Prior to this, in another accident, as many as eight workers from West Bengal sustained minor injuries after a bus carrying them home from Kerala to Murshidabad was hit by a speeding truck at Dandika in Odisha on May 31, 2020, The New Indian Express reported. The police rushed to the spot and took the injured passengers to the Basta Community Health Centre where they were treated and discharged to be sent home.
Two days before that on May 29, seven out of 28 migrant workers going home to West Bengal were critically injured after their bus fell into a 16 feet deep gorge near Nuagaon-Mangalpur village within Balasore Industrial police limits, TNIE reported.
On May 19, 2020 four persons, including three migrants from Jharkhand died on the spot and 22 others were injured when an MSRTC bus carrying them rammed into a stationary tipper parked by the roadside near Kolvan village in Maharashtra’s Yavatmal district, The Times of India reported. The bus was transporting 30 migrants to Nagpur from where they were to catch a Shramik Special train back home to Jharkhand.

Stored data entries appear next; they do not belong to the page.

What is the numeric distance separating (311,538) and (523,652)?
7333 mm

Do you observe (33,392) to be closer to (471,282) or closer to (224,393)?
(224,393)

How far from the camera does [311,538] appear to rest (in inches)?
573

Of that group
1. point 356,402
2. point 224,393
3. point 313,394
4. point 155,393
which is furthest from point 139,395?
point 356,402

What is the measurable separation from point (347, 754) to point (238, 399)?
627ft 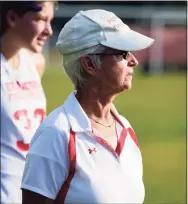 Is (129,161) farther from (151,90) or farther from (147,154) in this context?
(151,90)

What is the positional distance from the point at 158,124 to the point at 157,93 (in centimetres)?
619

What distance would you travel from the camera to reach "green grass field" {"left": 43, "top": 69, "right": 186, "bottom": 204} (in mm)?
9109

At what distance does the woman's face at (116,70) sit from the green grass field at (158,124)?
456 centimetres

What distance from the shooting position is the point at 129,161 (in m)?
3.24

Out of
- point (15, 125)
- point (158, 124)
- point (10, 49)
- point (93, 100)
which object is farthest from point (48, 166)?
point (158, 124)

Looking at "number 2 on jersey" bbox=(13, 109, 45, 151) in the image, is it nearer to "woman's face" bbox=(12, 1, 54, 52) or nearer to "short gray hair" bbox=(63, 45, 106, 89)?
"woman's face" bbox=(12, 1, 54, 52)

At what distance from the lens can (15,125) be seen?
4.55 m

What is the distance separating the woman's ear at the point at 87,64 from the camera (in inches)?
125

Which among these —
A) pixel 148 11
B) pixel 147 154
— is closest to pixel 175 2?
pixel 148 11

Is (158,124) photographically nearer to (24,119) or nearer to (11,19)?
(11,19)

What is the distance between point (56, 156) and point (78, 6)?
28.2 metres

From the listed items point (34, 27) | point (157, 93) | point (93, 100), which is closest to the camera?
point (93, 100)

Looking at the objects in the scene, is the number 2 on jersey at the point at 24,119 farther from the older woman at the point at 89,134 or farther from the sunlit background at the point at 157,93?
the sunlit background at the point at 157,93

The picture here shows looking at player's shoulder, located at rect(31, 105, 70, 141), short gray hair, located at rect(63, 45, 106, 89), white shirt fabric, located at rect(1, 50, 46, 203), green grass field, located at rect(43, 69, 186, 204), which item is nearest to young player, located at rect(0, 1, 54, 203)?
white shirt fabric, located at rect(1, 50, 46, 203) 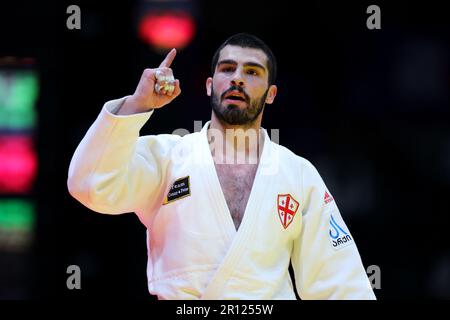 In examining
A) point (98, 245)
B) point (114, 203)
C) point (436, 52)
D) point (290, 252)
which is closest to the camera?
point (114, 203)

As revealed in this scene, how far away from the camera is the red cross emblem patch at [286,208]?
3.91 meters

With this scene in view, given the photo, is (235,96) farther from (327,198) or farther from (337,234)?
(337,234)

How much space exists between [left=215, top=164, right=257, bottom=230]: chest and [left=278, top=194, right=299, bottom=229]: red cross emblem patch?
19 cm

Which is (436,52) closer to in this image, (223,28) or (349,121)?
(349,121)

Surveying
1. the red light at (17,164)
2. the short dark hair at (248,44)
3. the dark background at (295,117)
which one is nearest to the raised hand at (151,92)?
the short dark hair at (248,44)

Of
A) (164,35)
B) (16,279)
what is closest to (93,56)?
(164,35)

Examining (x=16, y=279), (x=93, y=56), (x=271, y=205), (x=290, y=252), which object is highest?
(x=93, y=56)

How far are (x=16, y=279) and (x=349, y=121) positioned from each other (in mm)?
2700

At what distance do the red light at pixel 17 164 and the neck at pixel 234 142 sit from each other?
167 cm

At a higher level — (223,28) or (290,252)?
(223,28)

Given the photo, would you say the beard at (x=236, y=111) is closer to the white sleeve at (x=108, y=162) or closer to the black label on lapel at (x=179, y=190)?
the black label on lapel at (x=179, y=190)

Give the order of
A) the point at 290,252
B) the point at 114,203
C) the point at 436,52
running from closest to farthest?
the point at 114,203 → the point at 290,252 → the point at 436,52

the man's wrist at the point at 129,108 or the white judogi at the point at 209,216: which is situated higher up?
the man's wrist at the point at 129,108

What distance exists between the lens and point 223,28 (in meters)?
5.23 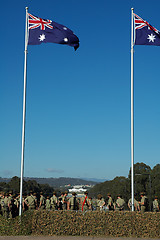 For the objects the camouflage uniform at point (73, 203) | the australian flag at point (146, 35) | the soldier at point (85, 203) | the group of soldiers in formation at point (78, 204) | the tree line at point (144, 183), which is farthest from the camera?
the tree line at point (144, 183)

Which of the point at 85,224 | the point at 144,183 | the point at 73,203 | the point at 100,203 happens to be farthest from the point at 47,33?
the point at 144,183

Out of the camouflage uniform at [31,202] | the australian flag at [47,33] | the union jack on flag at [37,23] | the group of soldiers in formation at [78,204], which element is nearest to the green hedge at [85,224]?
the group of soldiers in formation at [78,204]

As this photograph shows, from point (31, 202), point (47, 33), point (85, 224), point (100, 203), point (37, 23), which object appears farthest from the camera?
point (31, 202)

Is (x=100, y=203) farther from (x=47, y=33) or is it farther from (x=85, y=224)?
(x=47, y=33)

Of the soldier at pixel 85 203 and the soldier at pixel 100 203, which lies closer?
the soldier at pixel 85 203

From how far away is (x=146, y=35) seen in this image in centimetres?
1728

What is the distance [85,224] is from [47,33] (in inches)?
353

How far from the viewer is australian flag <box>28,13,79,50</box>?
16.9m

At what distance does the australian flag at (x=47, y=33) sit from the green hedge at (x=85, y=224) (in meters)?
7.96

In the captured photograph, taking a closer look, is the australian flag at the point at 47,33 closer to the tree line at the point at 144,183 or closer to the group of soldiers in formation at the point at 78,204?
the group of soldiers in formation at the point at 78,204

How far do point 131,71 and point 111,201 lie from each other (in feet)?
22.2

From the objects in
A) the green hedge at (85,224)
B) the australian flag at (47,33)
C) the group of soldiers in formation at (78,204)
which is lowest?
the green hedge at (85,224)

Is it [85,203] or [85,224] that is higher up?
[85,203]

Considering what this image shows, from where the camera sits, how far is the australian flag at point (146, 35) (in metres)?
17.2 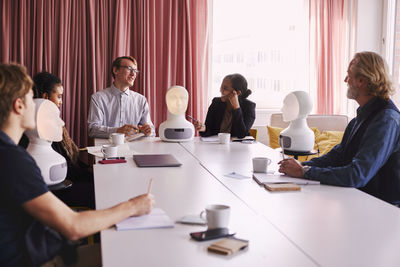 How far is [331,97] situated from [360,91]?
2.95 meters

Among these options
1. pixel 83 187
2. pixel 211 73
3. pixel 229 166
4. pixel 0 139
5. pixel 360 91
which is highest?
pixel 211 73

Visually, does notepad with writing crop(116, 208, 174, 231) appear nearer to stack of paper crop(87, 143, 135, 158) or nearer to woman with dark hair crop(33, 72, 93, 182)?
stack of paper crop(87, 143, 135, 158)

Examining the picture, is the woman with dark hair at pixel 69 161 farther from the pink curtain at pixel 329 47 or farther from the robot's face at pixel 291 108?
the pink curtain at pixel 329 47

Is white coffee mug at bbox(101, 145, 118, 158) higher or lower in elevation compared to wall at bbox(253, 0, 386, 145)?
lower

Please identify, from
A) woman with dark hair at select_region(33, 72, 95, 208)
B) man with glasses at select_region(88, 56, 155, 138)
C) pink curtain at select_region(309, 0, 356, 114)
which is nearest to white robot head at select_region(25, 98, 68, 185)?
woman with dark hair at select_region(33, 72, 95, 208)

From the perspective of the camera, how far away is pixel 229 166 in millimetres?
2357

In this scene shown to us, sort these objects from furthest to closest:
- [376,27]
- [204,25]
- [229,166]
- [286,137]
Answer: [376,27]
[204,25]
[286,137]
[229,166]

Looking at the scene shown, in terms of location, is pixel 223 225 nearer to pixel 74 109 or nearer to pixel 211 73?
pixel 74 109

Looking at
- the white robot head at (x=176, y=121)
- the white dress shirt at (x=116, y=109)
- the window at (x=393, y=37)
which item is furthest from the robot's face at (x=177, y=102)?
the window at (x=393, y=37)

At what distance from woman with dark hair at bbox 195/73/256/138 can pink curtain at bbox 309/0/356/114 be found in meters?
1.52

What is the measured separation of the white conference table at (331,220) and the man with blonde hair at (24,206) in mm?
588

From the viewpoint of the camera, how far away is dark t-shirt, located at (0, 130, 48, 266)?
117cm

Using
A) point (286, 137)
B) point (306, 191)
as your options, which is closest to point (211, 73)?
point (286, 137)

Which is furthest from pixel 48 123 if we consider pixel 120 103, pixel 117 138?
pixel 120 103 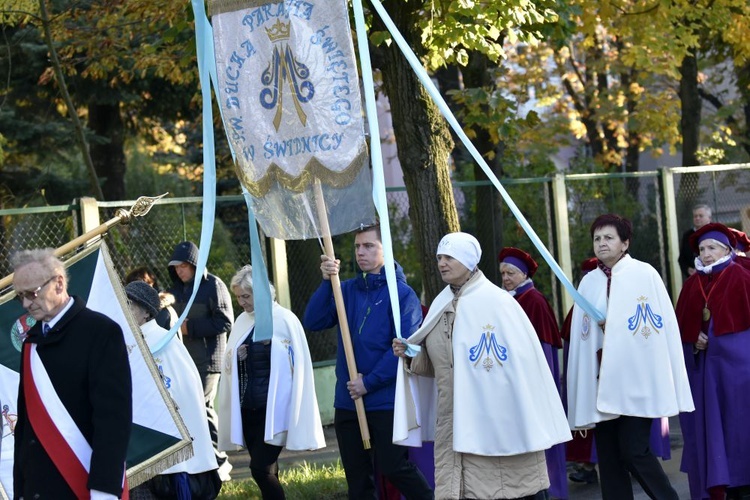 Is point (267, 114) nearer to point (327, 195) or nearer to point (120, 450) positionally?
point (327, 195)

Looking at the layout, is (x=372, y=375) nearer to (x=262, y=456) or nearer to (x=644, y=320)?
(x=262, y=456)

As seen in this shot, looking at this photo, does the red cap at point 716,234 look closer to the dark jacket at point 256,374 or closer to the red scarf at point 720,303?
the red scarf at point 720,303

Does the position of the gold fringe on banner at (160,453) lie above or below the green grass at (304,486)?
above

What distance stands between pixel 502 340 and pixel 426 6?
3.95 m

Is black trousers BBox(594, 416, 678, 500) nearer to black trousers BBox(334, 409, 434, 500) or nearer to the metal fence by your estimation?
black trousers BBox(334, 409, 434, 500)

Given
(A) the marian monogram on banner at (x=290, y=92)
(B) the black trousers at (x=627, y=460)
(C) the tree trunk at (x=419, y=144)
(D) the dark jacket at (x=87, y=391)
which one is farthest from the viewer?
(C) the tree trunk at (x=419, y=144)

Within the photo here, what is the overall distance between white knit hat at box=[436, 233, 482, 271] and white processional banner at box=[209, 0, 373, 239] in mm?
596

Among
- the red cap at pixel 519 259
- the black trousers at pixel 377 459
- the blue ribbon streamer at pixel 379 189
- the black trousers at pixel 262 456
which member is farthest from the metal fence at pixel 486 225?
the blue ribbon streamer at pixel 379 189

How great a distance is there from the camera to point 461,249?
679 cm

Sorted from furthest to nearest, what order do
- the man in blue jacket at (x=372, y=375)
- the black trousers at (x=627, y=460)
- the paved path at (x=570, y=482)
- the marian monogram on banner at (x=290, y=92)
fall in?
the paved path at (x=570, y=482)
the black trousers at (x=627, y=460)
the man in blue jacket at (x=372, y=375)
the marian monogram on banner at (x=290, y=92)

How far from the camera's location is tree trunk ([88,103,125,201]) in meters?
18.0

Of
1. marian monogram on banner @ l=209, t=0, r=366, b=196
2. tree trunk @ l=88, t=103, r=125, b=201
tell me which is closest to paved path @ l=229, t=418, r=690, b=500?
marian monogram on banner @ l=209, t=0, r=366, b=196

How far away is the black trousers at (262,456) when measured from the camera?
8.01 m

These are just some of the instances out of the hundreds of accidents that have taken place during the months of the lockdown. A survey conducted by Save Life Foundation has reported that as many as 198 migrant workers have been killed in road accidents during the lockdown. However, a public database maintained by Thejesh G.N, an independent technologist, developer, hacker, maker, traveller, blogger and an open data/internet enthusiast from Bangalore; along with Aman (Assistant Professor of Legal Practice at Jindal Global School of Law), Kanika Sharma (PhD student at Emory University), Krushna (PhD student at Syracuse University) reports that 209 migrants have lost their lives during walking and in migration.